Women in History DowntownDC Callbox Tour: Alice Stokes Paul

Suffragist, 1885-1977

Alice Paul was born to wealthy Quaker parents who believed in gender equality, education for girls and women, and working to better society. As a young girl she accompanied her mother to woman suffrage meetings in their hometown of Mount Laurel, New Jersey.

After earning a master’s in sociology, Paul studied social work in England, where she also joined the woman suffrage movement and learned the militant tactics she would later employ back home.

Returning to the United States, Paul earned a Ph.D. in social work, joined the National American Woman Suffrage Association, and became the head of the D.C. chapter. But she soon split from the group, impatient with NAWSA’s strategy of lobbying state legislatures. Persuading Congress to amend the Constitution made more sense to Paul, so she and others formed the National Woman’s Party and started organizing demonstrations, an unusual tactic at the time. The first one took place March 3, 1913, the day before Woodrow Wilson’s first presidential inauguration. Thousands of women came to Washington to demand the vote, marching from the U.S. Capitol along Pennsylvania Avenue to the White House. The parade drew about half a million spectators, not all of them friendly. Some men jeered loudly, threw objects at the marchers, and even attacked them.

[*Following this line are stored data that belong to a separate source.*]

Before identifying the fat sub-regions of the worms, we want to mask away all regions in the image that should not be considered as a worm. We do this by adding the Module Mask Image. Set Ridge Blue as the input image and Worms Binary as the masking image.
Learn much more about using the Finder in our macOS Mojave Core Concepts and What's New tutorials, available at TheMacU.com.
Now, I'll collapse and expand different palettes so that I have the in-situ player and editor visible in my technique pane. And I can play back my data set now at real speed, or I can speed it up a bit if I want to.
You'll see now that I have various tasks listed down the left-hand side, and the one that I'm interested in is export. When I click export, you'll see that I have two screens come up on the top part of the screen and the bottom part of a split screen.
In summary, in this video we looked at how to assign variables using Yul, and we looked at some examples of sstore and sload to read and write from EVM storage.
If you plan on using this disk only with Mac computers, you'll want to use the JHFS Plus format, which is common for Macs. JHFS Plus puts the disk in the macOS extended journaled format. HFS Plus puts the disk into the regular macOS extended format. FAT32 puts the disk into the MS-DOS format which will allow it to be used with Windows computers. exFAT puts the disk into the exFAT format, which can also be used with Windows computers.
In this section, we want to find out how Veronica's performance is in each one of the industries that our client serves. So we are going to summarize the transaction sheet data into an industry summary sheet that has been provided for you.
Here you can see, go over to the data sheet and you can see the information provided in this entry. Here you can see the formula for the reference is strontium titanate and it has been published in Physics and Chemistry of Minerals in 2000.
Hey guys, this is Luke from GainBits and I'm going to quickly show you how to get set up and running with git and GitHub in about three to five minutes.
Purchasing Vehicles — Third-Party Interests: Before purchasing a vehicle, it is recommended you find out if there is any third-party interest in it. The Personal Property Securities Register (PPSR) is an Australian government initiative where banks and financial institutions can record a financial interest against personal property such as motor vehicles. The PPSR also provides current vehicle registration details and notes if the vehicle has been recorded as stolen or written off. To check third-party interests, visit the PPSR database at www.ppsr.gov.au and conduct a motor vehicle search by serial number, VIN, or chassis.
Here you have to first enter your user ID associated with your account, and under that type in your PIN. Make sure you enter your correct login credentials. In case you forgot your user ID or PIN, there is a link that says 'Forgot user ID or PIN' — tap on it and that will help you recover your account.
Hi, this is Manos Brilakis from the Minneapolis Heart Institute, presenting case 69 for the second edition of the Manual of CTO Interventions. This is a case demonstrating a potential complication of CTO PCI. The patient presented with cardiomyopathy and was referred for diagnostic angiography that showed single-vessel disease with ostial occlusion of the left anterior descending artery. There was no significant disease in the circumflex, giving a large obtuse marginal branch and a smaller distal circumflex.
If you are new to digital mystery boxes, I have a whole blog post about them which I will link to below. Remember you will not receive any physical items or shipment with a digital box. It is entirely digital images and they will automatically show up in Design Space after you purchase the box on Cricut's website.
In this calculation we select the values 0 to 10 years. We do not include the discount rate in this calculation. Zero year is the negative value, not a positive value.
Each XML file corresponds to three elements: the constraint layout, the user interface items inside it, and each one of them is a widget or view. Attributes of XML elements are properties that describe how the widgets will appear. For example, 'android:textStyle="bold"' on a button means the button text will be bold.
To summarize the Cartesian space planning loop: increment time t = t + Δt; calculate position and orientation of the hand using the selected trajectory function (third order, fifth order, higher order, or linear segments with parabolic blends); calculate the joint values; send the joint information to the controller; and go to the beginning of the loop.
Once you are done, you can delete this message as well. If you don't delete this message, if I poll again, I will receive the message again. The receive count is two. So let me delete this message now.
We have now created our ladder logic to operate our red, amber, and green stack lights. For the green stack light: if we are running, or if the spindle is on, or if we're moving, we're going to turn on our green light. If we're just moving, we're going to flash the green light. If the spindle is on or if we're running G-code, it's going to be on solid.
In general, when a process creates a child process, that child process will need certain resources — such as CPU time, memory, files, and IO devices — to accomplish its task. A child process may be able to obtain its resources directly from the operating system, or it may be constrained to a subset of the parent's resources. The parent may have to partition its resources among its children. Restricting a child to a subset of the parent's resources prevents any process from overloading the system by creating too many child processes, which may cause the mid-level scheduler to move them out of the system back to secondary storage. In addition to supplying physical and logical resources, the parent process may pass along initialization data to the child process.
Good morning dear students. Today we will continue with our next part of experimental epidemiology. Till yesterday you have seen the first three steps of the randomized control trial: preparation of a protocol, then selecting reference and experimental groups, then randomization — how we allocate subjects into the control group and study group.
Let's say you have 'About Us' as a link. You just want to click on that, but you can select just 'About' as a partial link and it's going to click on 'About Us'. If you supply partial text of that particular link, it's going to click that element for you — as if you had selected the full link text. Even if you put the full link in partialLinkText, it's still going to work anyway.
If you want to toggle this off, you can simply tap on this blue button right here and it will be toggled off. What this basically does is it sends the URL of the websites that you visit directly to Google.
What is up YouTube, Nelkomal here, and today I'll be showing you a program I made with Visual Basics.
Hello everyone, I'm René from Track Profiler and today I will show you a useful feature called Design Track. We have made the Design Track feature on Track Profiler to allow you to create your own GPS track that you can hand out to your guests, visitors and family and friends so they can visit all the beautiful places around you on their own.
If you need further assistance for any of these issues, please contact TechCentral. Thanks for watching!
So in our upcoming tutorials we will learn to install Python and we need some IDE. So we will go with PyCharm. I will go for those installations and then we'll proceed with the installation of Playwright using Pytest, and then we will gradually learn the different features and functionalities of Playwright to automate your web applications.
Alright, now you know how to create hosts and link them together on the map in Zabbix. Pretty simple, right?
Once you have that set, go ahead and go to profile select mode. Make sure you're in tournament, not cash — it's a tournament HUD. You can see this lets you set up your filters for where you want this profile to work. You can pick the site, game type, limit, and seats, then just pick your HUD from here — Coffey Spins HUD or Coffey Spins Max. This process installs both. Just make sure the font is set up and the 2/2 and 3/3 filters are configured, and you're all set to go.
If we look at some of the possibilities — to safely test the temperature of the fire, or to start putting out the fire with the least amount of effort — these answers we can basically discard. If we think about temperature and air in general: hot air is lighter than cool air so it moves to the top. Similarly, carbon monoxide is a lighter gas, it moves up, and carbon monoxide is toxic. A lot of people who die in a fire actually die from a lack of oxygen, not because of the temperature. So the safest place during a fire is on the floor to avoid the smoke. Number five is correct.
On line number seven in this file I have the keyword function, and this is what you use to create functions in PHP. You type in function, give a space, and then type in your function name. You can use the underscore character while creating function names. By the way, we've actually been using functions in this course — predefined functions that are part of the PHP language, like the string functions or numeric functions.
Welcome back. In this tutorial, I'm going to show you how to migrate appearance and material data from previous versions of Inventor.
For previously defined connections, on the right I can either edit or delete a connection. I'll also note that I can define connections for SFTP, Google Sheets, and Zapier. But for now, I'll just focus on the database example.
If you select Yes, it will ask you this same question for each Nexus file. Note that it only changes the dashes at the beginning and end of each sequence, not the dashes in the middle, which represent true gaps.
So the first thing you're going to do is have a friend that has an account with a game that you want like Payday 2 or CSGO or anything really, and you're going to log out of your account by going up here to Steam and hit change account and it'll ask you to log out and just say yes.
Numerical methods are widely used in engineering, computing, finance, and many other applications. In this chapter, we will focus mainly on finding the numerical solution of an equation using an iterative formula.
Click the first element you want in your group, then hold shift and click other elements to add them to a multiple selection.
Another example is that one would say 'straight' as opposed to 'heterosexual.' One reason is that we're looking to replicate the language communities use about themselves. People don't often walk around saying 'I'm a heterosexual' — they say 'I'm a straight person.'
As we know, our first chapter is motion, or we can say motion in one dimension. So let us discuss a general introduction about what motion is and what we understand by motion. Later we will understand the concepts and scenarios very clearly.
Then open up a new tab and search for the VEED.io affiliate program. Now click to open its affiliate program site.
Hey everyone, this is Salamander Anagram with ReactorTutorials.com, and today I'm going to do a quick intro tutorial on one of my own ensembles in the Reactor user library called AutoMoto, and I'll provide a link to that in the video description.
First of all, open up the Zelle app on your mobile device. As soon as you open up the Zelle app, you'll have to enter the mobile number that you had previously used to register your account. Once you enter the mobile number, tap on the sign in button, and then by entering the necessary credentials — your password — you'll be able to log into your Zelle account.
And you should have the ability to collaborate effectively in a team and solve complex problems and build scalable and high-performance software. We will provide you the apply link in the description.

President Wilson opposed woman suffrage, and in 1917 Paul and her fellow suffragists began a picketing campaign in front of the White House, enduring harassment and arrest. Sentenced to seven months in prison for obstructing traffic, Paul organized a hunger strike. When the newspapers covered the bad treatment the suffragists received, including force-feeding, public sentiment turned in their favor. By 1918 Wilson had decided to support woman suffrage.

The 19th Amendment, granting women the right to vote, passed Congress the next year and was ratified in 1920 by the final state of the 36 needed, Tennessee.

Three years later, Paul and the National Woman’s Party drafted an Equal Rights Amendment (ERA) and began lobbying Congress to approve it. The ERA finally passed in 1972, but not enough states ratified it by the 1982 deadline. Alice Paul was still fighting for it when she died in 1977.